→ **Supplied material**:
----------

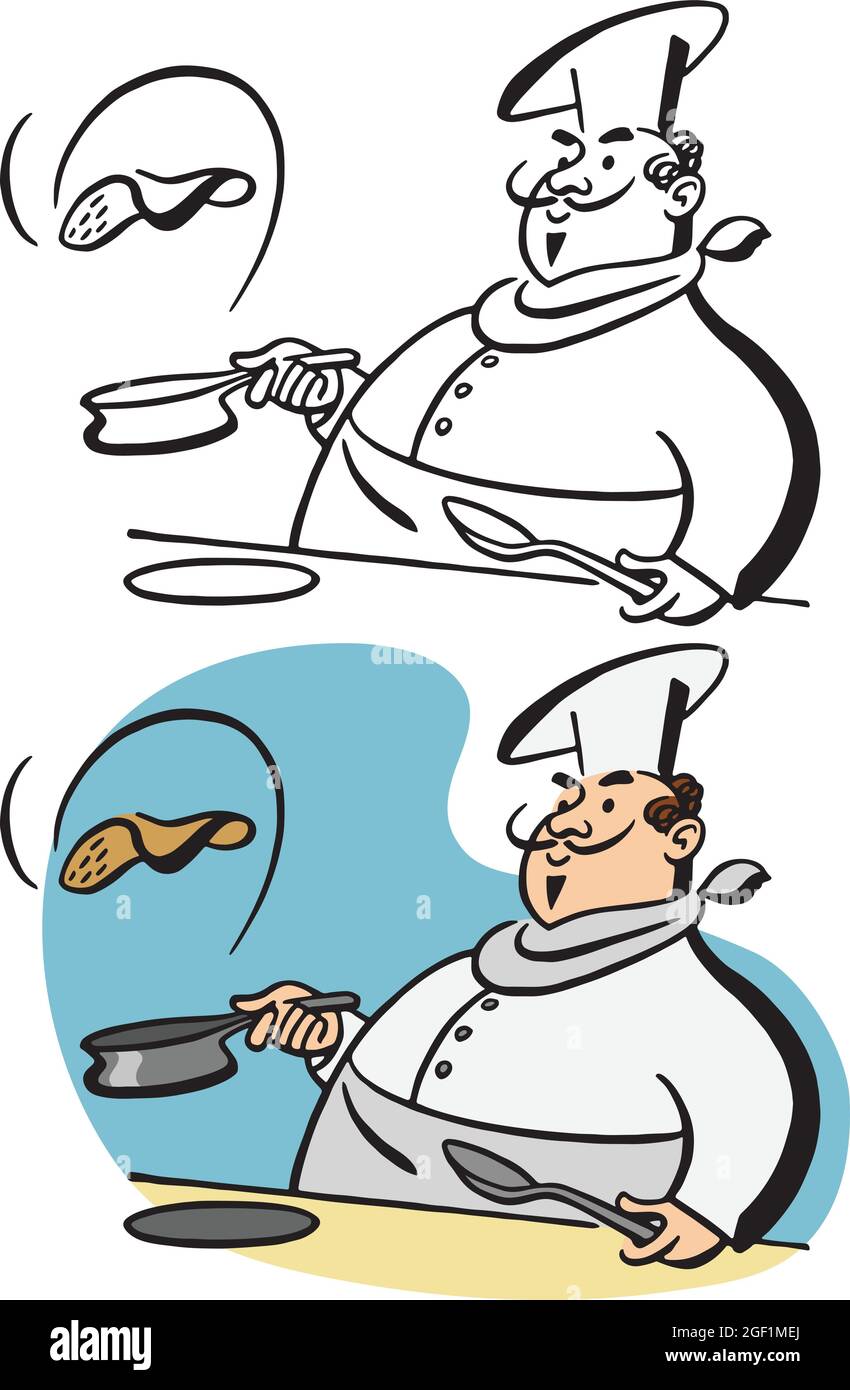 Ein Vintage Retro-Cartoon eines Küchenchefs, der einen Pfannkuchen in einer Pfanne dreht. Stock Vektor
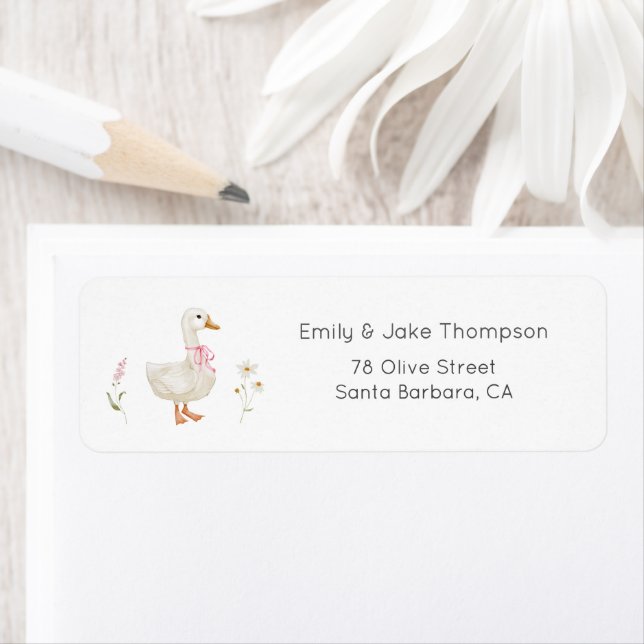 Silly Goose Pink Bow  Return Address Label (Insitu)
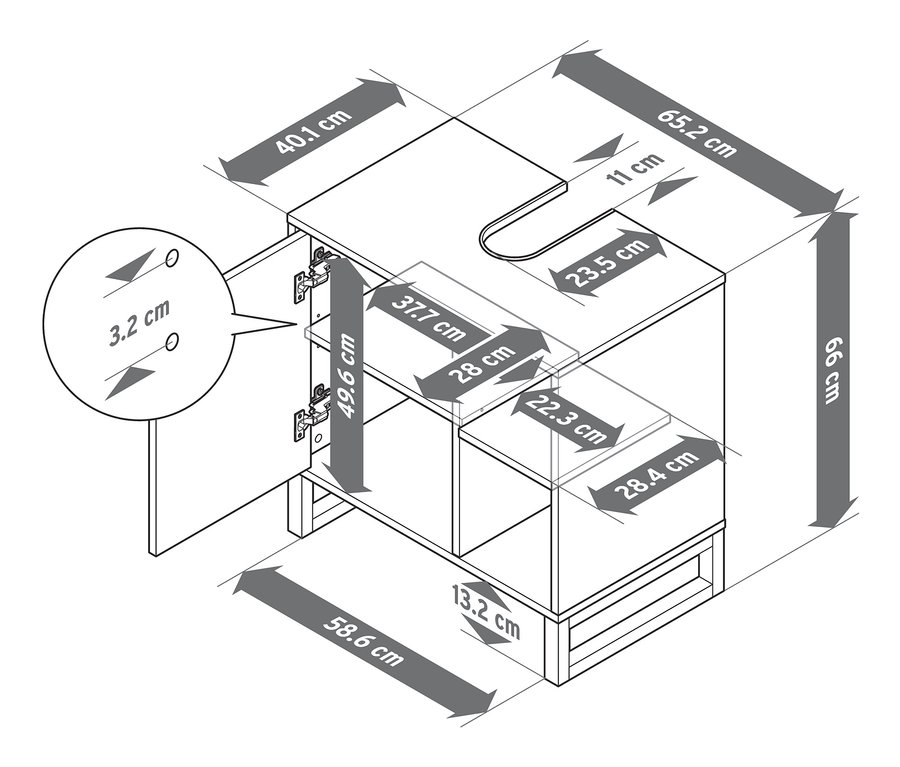 Egy mosdó alatti szekrény rajza ajtóval és oldalsó rekesszel, a megfelelő méretekkel.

----------

→ **Description of the task**: Each line of the data above must be repeated exactly, images excluded.

→ **Solution for this exercise**:
 Ein Vintage Retro-Cartoon eines Küchenchefs, der einen Pfannkuchen in einer Pfanne dreht. Stock Vektor
 Silly Goose Pink Bow  Return Address Label (Insitu)
 Egy mosdó alatti szekrény rajza ajtóval és oldalsó rekesszel, a megfelelő méretekkel.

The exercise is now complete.